Türkiye'deki istatistiklere bakıldığında kültür amaçlı turizm çok çok küçük bir yere (% 0,8 – 1,5) sahip.
Kitapta o verileri kullandım ama bu rakamlara pek güvenmiyorum, çünkü TUİK'in yapmış olduğu çalışmalar çoğunlukla ankete dayalı. İyi sonuçlar elde edebilmeniz için anketörlerin çok iyi yetişmiş olması, deneklerin de çok iyi seçilmiş olması lazım. TUİK'in turizm konulu çalışmalarında ikisi de yok. Ama halkımızın büyük bir çoğunluğu gezemiyor. Gezenlerin de gittikleri yerler akraba yanı. Özellikle son dönemde kültür endüstrileri dediğimiz kavram ortaya çıktı. Bu da klasik kültür turizmi kavramını geliştirdi. Doğal, tarihsel ve kültürel varlıklar hep birlikte kültür turizminin konusudur. Artık bunlara kültür endüstrileri, yaratıcı endüstriler de eklendi.
Venedik, kültür turizmi için iyi bir örnek. Festivalinin bu kente ne kazandırdığı ortada, eğer kültür turizmini gerçekleştirmemiş olsalardı şu ana kadar çoktan batmışlardı.
Turizmi 12 aya yaymak da çok önemli…
Turizmi hem 12 aya, hem de tüm Türkiye'ye yaymak gerekiyor. Türkiye için konuşacak olursak, kültürel uğrakların çok güzel bir şekilde dağıldığını söyleyebiliriz.

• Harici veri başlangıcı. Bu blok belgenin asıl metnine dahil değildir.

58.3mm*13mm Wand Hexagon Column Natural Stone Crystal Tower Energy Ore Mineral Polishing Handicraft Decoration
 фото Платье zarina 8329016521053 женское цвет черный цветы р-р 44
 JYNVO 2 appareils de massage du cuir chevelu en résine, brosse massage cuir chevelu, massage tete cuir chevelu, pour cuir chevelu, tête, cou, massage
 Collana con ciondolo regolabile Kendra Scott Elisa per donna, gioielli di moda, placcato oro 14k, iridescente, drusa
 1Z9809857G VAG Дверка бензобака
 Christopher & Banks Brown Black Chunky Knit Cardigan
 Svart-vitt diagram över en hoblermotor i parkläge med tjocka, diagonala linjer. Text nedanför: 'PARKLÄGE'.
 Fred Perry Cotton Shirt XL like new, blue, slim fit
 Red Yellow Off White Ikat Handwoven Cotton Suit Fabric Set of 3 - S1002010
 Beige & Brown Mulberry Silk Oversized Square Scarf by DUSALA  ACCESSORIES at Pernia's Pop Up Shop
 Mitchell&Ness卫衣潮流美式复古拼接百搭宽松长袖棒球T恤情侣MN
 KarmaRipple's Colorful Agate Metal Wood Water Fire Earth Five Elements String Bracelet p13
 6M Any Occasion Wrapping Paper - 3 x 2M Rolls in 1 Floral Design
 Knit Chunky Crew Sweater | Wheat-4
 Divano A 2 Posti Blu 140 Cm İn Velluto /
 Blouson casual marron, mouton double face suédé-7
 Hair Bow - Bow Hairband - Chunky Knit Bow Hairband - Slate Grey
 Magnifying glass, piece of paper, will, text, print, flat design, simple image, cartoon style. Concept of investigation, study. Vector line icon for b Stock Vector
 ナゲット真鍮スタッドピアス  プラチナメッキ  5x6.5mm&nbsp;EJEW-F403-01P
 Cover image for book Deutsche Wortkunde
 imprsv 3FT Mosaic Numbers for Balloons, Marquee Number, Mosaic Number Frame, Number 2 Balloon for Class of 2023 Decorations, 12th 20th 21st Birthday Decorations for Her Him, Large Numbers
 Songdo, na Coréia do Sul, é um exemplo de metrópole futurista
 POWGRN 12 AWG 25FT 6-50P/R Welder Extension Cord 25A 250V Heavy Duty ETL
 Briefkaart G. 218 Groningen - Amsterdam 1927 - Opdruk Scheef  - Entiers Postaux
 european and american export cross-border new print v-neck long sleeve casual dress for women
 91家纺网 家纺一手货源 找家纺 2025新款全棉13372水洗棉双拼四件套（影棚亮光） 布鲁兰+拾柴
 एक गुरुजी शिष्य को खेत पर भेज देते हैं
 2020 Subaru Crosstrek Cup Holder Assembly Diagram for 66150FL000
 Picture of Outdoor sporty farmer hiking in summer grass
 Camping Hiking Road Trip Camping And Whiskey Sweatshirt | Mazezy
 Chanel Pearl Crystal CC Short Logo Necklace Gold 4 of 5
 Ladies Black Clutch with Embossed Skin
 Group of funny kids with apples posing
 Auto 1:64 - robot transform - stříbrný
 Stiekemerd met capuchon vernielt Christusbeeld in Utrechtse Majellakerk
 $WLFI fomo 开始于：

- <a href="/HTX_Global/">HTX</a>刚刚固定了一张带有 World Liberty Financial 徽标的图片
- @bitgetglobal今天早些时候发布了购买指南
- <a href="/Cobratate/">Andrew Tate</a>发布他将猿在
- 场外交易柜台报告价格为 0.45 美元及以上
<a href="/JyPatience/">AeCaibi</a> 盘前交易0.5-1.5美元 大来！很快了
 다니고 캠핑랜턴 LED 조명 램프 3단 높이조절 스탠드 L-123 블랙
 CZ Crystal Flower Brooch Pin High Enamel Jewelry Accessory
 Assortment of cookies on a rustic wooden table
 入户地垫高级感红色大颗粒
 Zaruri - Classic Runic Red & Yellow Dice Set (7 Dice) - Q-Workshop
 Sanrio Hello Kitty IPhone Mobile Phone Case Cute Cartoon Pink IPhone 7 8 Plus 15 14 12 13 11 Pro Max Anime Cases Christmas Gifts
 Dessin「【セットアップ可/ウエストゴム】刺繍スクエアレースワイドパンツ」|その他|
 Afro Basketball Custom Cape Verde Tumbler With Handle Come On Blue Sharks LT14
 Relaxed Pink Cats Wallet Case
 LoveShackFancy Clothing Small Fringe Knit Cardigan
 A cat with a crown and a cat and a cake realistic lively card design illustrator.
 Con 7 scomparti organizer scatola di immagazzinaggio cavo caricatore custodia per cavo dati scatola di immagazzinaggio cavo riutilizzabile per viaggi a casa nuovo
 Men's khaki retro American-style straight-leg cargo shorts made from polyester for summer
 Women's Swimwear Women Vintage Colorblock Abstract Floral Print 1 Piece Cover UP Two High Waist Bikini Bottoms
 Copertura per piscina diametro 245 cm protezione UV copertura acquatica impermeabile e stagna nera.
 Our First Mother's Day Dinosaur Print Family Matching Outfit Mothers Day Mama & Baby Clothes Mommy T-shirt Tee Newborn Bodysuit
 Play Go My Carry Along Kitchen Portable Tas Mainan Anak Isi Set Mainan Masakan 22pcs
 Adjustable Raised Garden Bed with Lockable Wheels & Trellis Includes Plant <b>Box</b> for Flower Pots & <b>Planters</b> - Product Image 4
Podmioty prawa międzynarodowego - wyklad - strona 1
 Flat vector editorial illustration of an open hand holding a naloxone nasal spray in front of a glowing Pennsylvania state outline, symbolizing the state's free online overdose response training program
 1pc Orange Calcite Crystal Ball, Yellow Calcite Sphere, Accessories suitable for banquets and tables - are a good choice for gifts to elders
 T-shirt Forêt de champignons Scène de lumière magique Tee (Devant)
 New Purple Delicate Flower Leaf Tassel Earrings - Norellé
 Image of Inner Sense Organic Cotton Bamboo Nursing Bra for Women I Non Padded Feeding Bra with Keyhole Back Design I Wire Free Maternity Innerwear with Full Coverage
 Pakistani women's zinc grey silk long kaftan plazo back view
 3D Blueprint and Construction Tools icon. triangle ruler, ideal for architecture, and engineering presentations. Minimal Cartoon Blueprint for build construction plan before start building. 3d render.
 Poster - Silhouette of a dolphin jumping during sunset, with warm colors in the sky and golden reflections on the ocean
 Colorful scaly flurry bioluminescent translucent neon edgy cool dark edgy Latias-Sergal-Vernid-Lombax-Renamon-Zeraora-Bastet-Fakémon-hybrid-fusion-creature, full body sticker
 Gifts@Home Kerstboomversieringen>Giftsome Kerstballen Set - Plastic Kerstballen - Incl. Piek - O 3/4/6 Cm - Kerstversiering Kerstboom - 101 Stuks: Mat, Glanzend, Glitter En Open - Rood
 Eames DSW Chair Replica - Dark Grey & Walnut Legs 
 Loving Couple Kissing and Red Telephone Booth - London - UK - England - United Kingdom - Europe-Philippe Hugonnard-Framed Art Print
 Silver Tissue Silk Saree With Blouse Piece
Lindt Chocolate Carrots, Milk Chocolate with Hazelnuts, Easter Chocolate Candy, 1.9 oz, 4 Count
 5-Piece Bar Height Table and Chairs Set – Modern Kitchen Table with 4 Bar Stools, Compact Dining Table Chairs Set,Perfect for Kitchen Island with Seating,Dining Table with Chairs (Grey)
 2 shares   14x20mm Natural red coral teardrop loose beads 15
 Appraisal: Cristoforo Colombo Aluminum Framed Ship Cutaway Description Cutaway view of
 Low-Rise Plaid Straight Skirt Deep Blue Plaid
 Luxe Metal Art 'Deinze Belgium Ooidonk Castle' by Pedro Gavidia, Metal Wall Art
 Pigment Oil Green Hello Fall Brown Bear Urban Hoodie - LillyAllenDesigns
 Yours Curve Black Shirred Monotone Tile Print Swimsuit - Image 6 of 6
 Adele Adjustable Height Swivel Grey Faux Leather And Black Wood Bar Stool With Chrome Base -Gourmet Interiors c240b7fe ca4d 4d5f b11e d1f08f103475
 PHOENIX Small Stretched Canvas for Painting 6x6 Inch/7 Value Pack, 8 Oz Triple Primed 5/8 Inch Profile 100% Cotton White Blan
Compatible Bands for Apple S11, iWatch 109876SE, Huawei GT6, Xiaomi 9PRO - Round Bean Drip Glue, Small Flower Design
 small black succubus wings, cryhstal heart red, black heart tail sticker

Maalesef her ülkede böyle bir altyapı yok, kültürel varlıklar bir bölgede toplanıyor, diğer bölgelerse doğal varlıklardan oluşuyor. Türkiye'de kültürel varlıklar çok ve coğrafi olarak neredeyse eşit bir biçimde yaygın. Güneydoğu'da Urfa ayrı, Gaziantep ayrı, Mardin ayrı… Doğu'da Van ayrı, Kars ayrı… Doğu Karadeniz farklı… Antalya dediğimiz GDK turizminin merkezi ama en esaslı antik kentler de orada: Aspendos, Perge, Side… Tabi bu durum turizm açısından eşitçi bir kazanımı beraberinde getiriyor.
Tabi bu hizmet sunumunun ne kadar eşitçi dağıldığı ile de ilgili…
Turizm bunun yolunu buluyor, zorluyor. Tabi zorlarken hatalar da yapılıyor. Son zamanlarda yerele önem verilmeye çalışılması önemli bir gelişme.
Bölge master planlarından bahsediyorsunuz kitabınızda…
O da çaresizce yapılıyor. Merkezi bir master planımız yok ki, bölge master planımız olsun. "Türkiye planlarında turizm" güzel bir araştırma konusu olabilir. Planlara bakıldığında hep güzel sözler, temenniler yer aldığı görülür.
Bizler, kültüre olan inancımızla, kendi kültürümüzün uzantısında bu güzergâhları zorladık. Tabi bunu sadece Türkler için değil, Batılılar için de yaptık.
Bugüne kadarki kaynaklara baktığınızda, Türkiye'nin parayı esas olarak kültür turizminden kazandığını görüyorsunuz. Önce gemilerle, sonra turlarla… Sonra talihsiz bir dönem yaşanıyor. Birinci Körfez Krizi'nden dolayı turistler Türkiye'ye gelmekten vazgeçince oteller fiyat kırmaya başlıyor, böylece tamamen GDK turizmine geçiliyor. Birinci Körfez Savaşı'ndan önce yabancı gezginlere kültür turizmi anlamında ne satmışsak, bugün de aynı yerdeyiz. Bunu müze girişlerinden rahatlıkla ölçebiliyoruz.